Personal information
- Born: July 21, 1991 (age 34) Monterey Park, California, U.S.
- Listed height: 6 ft 4 in (1.93 m)
- Listed weight: 221 lb (100 kg)

Career information
- High school: Woodrow Wilson (Los Angeles)
- College: Utah
- NFL draft: 2014: undrafted

Career history
- Houston Texans (2014–2015); Philadelphia Eagles (2016–2017)*; Arizona Cardinals (2017)*; Philadelphia Eagles (2018)*; Salt Lake Stallions (2019);
- * Offseason and/or practice squad member only
- Stats at Pro Football Reference

= Anthony Denham =

American football player (born 1991)

Anthony Dion Denham Jr. (born July 21, 1991) is an American former professional football player who was a tight end in the National Football League (NFL). He played college football for the Utah Utes and was signed by the Houston Texans as an undrafted free agent in 2014.

==Early life==
Denham is the son of Anthony Denham Sr. and Dana Lewis. He spent his high school years in foster care. At Woodrow Wilson high school in Los Angeles, California, he had four letters in football, two in basketball and one in track. He was the team's leading receiver and team captain in three years.

==College career==
In his freshman year, at East Los Angeles College, he set school records for receiving yards and touchdowns with 1,186 yds and 16 touchdowns. In his sophomore 2010 season, his play got caught in a downward spiral, though he still finished second in the American Mountain Conference with 40 catches for 475 yds and 7 touchdowns. Even after his decline, he was still rated as a four star recruit by scout.com and rivals.com. After the 2010 season, he transferred to the University of Utah. In 2011, he redshirted, and in 2012 his play was limited, finishing with 11 catches for 135 yds. In 2013, his senior year, he started 10 games and had 24 catches for 291 yds and two touchdowns for the Utes.

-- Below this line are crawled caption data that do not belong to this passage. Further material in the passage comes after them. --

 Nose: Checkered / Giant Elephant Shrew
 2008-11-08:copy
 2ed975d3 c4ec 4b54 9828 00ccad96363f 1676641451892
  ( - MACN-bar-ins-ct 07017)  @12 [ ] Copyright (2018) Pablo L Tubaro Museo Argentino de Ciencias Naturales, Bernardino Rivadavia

===College football statistics===

| Year | Team | Receptions | Yards | Avg | TD's |
|---|---|---|---|---|---|
| 2012 | Utah | 11 | 135 | 12.3 | 0 |
| 2013 | Utah | 24 | 291 | 12.1 | 2 |
| Career |  | 35 | 426 | 12.2 | 2 |

==Professional career==

Pre-draft measurables
| Height | Weight | 40-yard dash | 10-yard split | 20-yard split | 20-yard shuttle | Three-cone drill | Vertical jump | Broad jump | Bench press |
| 6 ft 4+1⁄2 in (1.94 m) | 235 lb (107 kg) | 4.77 s | 1.65 s | 2.76 s | 4.56 s | 7.38 s | 32+1⁄2 in (0.83 m) | 9 ft 5 in (2.87 m) | 14 reps |
Bench press, broad jump, shuttle, cone drill values from Pro Day; all other values from NFL Combine.

===Houston Texans===
Denham went undrafted in the 2014 NFL draft. He was signed by the Houston Texans, and called up from their practice squad on December 3, 2014. On September 3, 2016, he was released by the Texans.

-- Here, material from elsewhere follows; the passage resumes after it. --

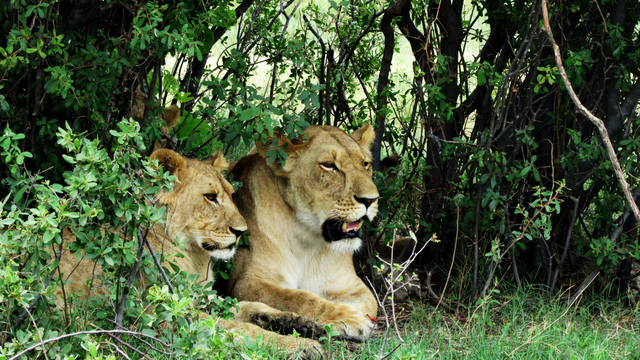 Lion cubs resting under a bush (Photo by Bridget Williamson)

===Philadelphia Eagles (first stint)===
On October 13, 2016, Denham was signed to the Eagles' practice squad. He was released on December 2, 2016 but was re-signed on December 13. He signed a reserve/future contract on January 2, 2017.

On September 1, 2017, Denham was waived by the Eagles.

===Arizona Cardinals===
On September 26, 2017, Denham was signed to the Arizona Cardinals' practice squad.

===Philadelphia Eagles (second stint)===
On August 28, 2018, Denham was signed by the Eagles. He was waived on September 1, 2018.

===Salt Lake Stallions===
In 2019, Denham joined the Salt Lake Stallions of the Alliance of American Football. The league ceased operations in April 2019.